If multisensory integration is dependent on a hard-wired, global mechanism (e.g., neuroanatomical connectivity), it could be stable across time and generalize across tasks involving the same modalities (e.g., across all audiovisual tasks) in a given individual. Indeed, one previous study has shown strong within-subjects correlations for illusory multisensory percepts using an audiovisual speech task and an audiovisual temporal-numerosity-judgment task (Tremblay, Champoux, Bacon, & Theoret, 2007), which would suggest at least a partially shared substrate of multisensory integration across tasks. Alternatively, sensory integration could be based on local mechanisms, which could differ across tasks involving the same modalities. These local mechanisms might be stable over time or might be unstable and volatile because of factors such as learning, arousal, mood, and cognitive variables.
In principle, any variability across subjects in the strength of audiovisual interactions could be driven by two distinct factors: differences in the relative reliabilities of unisensory representations (e.g., in the visual and auditory modalities, Fig. 1a) or differences in the tendency to integrate or bind stimuli (henceforth, binding tendency) between the two given modalities (Fig. 1b). Recent investigations have revealed that although cross-modal interactions vary across individuals in any given task, such interactions can correlate strongly across audiovisual tasks within individuals (Stevenson et al., 2012; Stevenson & Wallace, 2013); however, no previous study has used analytic methods capable of teasing apart these two possible sources of variability.

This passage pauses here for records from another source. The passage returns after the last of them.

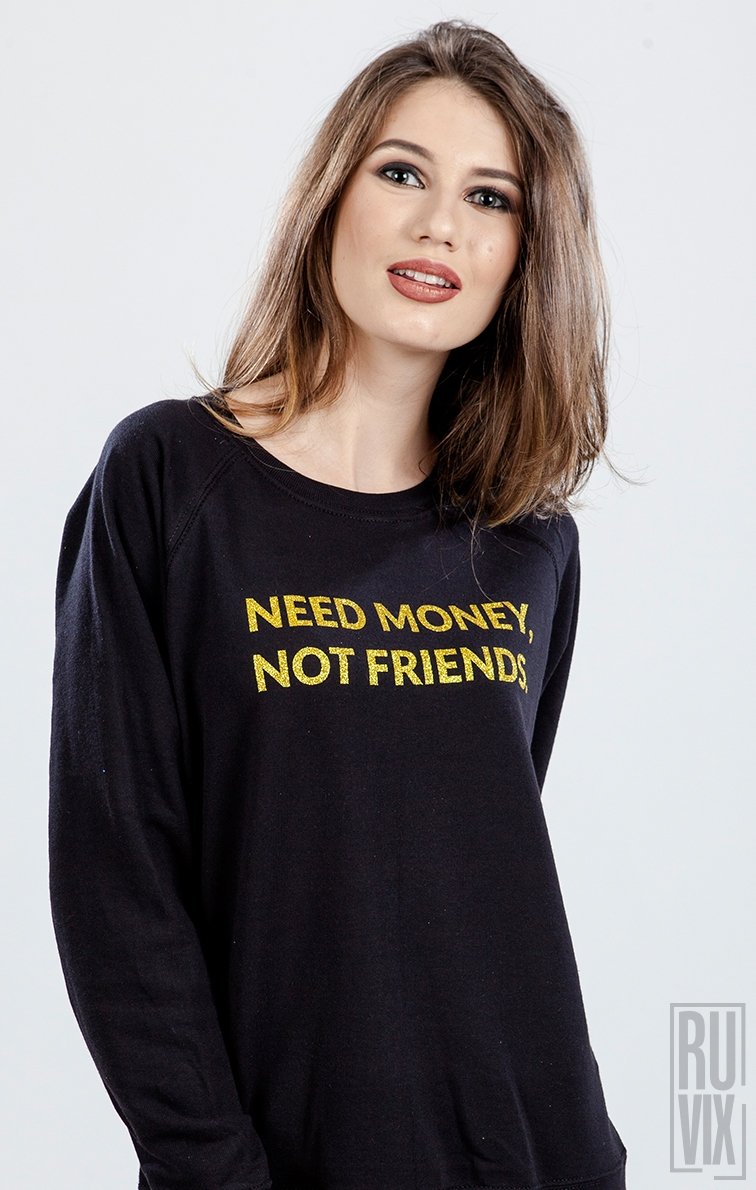 Bluză Need Money Negru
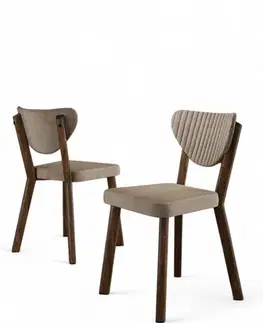 Sada židlí (6 kusů) Arfe - Cappuccino, Brown
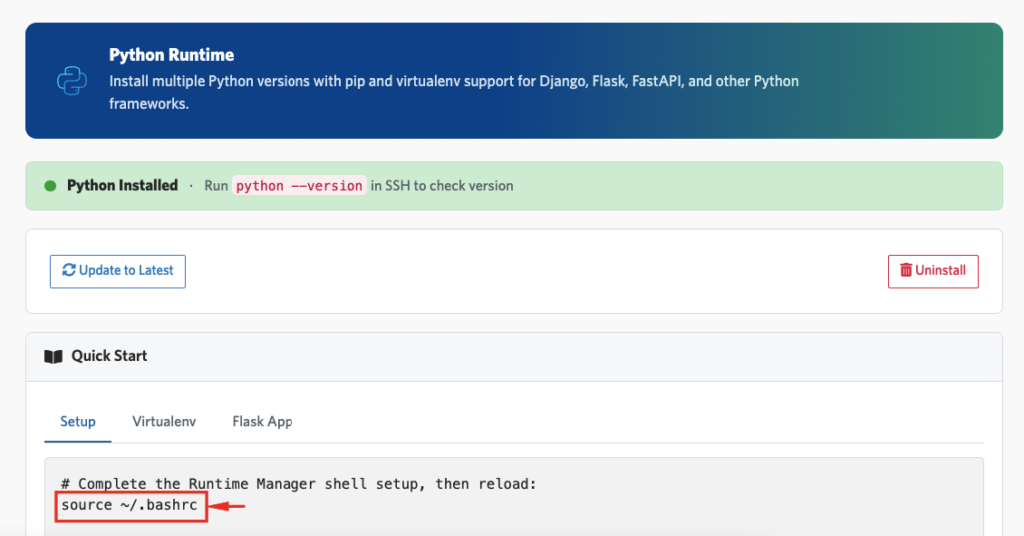 Cara Install Python di Hosting 7 Install Python di hosting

Two possible mechanisms underlying between-subjects variability in cross-modal interactions. The lightbulb and the speaker represent the true locations of the visual and auditory stimuli in a spatial localization task; the neural representations (likelihood functions) of the stimuli are shown by the distributions for vision and audition. The ear icon designates the brain’s final estimate of the perceived auditory location. One possible source of between-subjects variability in cross-modal interactions involves differences in relative unisensory reliabilities across subjects (a). If these differences are large (as shown by Individual X), estimates of percepts in the less reliable modality (audition in this example) will show a large bias; if these differences are small (as shown by Individual Y), the bias will be smaller. Another possible source of between-subjects variability in cross-modal interactions involves differences in the binding tendency, that is, the prior bias for perceiving a common cause and integrating the signals (b). As shown in the figure, Individual X’s large bias could be due to a large binding tendency, and Individual Y’s small bias could be due to a small binding tendency.
The Bayesian causal inference (BCI) model (Körding et al., 2007; Wozny et al., 2010) allows quantitative, simultaneous estimation of both of these factors: The reliability of unisensory processing is computationally modeled by sensory likelihoods, and the tendency to integrate is captured by a prior for integrating stimuli, which we call the binding tendency. The fact that differences in unisensory processing influence integration is already well established (Alais & Burr, 2004; Ernst & Banks, 2002; Rohe & Noppeney, 2015b); on the other hand, the binding tendency, which provides a true measure of the brain’s tendency or capacity for integration, has not been systematically investigated to date. Therefore, we used the BCI model to quantitatively and rigorously estimate this measure for individual observers for two very distinct audiovisual tasks (one involving perception of space, the other involving perception of time) at two time points (1 week apart) to determine whether the binding tendency is stable across time and whether it generalizes across tasks.
Method
Subjects
Fifty-nine subjects (25 men, 34 women; age range = 18–30 years) completed two experimental sessions, spaced one week apart. The power analysis indicated that a sample size of 59 subjects was required for the study to have 80% power to detect a medium-sized effect (ρ = .35) at an α level of .05; thus, we stopped collecting data when we reached this number of subjects. Subjects were paid $10 per hour for their participation in this study. Seven subjects missed their scheduled appointment for Session 2 and were rescheduled to complete it within 3 days of the missed appointment. Because their data were not anomalous in any way compared with data from the subjects who completed the sessions exactly 1 week apart, these subjects were included in the sample.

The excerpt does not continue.